To Ensure A Healthy Diet, the main concerns for toddlers and younger children are for sugar and salt levels. There's actually no need to add salt to your toddler's food: from the age of 1 to 3, children should be having no more than 2g a day. If you're buying processed foods like pre-packaged meals, even those aimed at children, remember to check the information given on the labels so you do choose those with less salt.

As a guide, these are the maximum amounts of salt children should have in a day according to the Food Standards Agency:

  • 1 to 3 years – 2g a day (0.8g sodium)
  • 4 to 6 years – 3g salt a day (1.2g sodium)
  • 7 to 10 years – 5g a day (2g sodium)
  • 11 and over – 6g a day (2.4g sodium)

What if my Child has a Sweet Tooth?

Don't make it any worse! There's no need to add sugar or honey to food for your toddler, and don't give sweet drinks such as fizzy drinks and fruit squash because they cause tooth decay. If you do give fruit squash or sugary drinks, make sure they're well diluted with water and drunk at mealtimes. Between meals, it's better to give water or milk to drink.
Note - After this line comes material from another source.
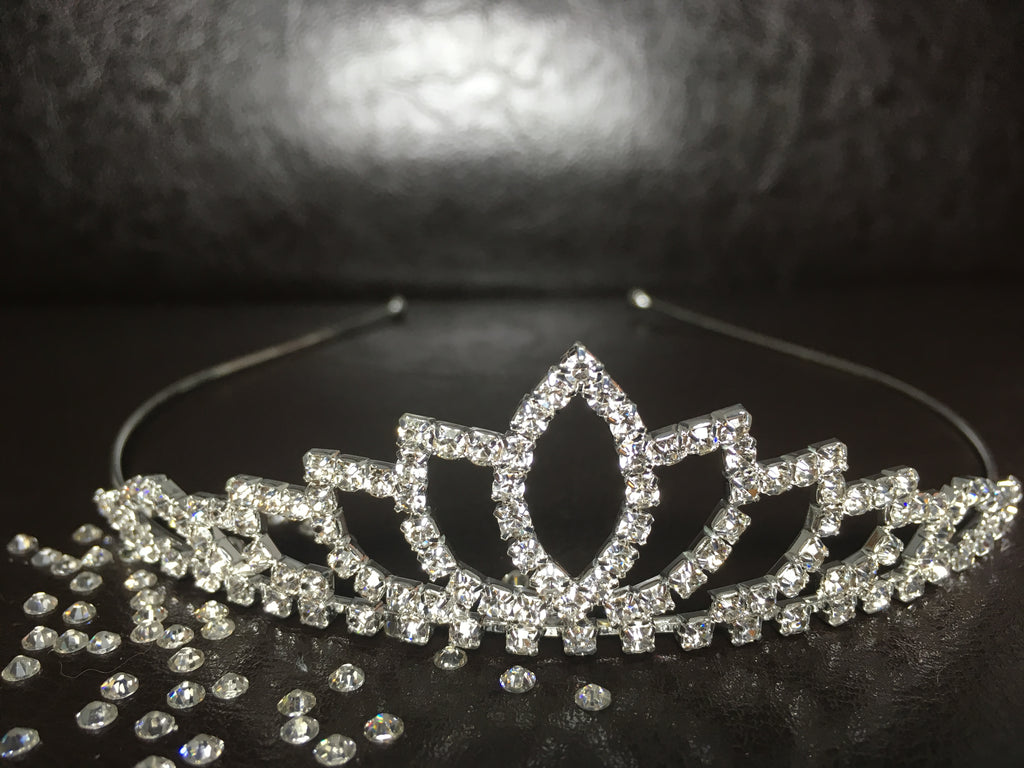 diadem-lotus-design-silber-hochzeit-tiara-nahaufnahme-mit-funkelnden-strasssteinen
Fruit has enough natural sugar in it for a child in a day, so choose that as a healthier snack over sweets.

What Should I Look for on Labels?

The Food Standards Agency has issued a nutritional 'traffic light' system, which is used on many brands and supermarkets products. This provides a quick-glance guide to how much salt, sugar, saturates and fats are contained in the product.

Some of the UK's biggest food firms, such as Kraft, Danone, Kelloggs and Nestlé, also include details of guideline daily intake amounts (GDAs) on the front of their packets, too, which explains how many calories and fat should be consumed by adults per day.

Understanding E Numbers

As well as the levels of sugar and salts, additives known as E Numbers still feature heavily in a lot of foods, despite the speculation that they trigger autism, ADHD and hyper activity.
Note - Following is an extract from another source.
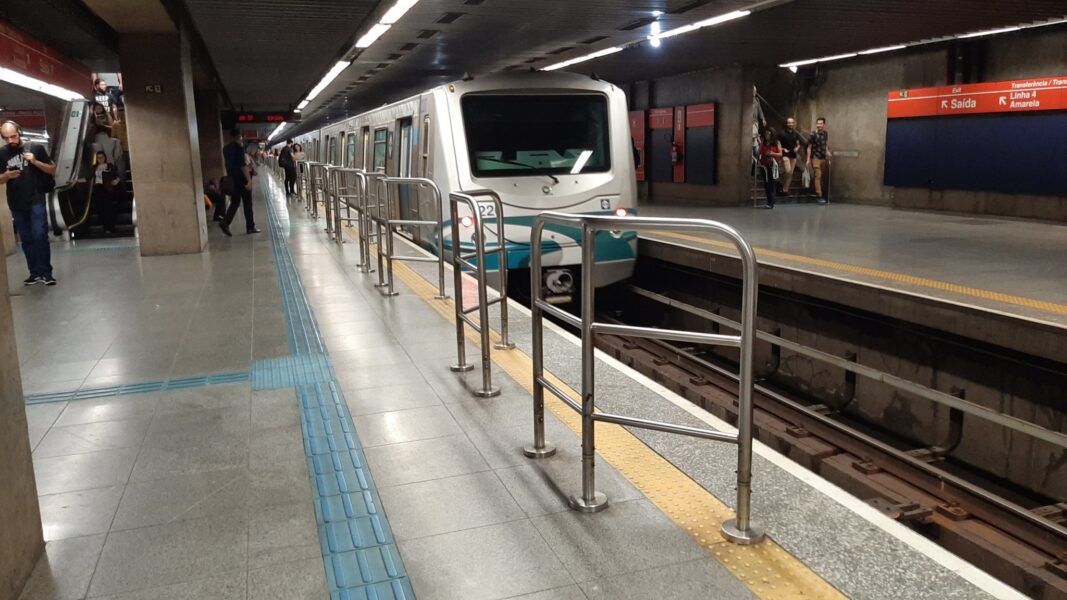 Estação República Vazia Metrô linha 3-vermelha linha vermelha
Here's a list of the main culprits, what they are used for, and what they might do to your child.

Sulphur dioxide (E220) and other sulphites (E221, E222, E223, E224, E226, E227 and E228) are used as preservatives in a wide range of foods, in particular soft drinks, sausages, burgers, and dried fruit and vegetables.

Food labelling rules now require pre-packed food sold in the UK, and the rest of the European Union, to show clearly on the label if it contains sulphur dioxide or sulphites at levels above 10mg per kg or per litre (or if one of its ingredients contains it).

Benzoic acid (E210 and other benzoates (E211, E212, E213, E214, E215, E216, E217, E218 and E219) are used as food preservatives to prevent moulds and yeasts, although they do occur naturally in fruit and honey. Benzoates may worsens the symptoms of asthma and eczema.

Tartrazine (E102) is a yellow colour used in a range of foods including soft drinks, sweets and sauces. Studies have shown that eating foods or drinks containing tartrazine can cause dermatitis (an allergic skin condition), nettle rash (urticaria), rhinitis (runny nose) or asthma in a small number of people. The use of tartrazine has decreased in recent years.

Obviously, there's no substitute for fresh fruit and veg, so if you want to avoid any additives and E numbers, wash fruit and veg thoroughly (to get rid of any pesticides) and make it your child's only option – if you don't buy processed foods, they won't eat them!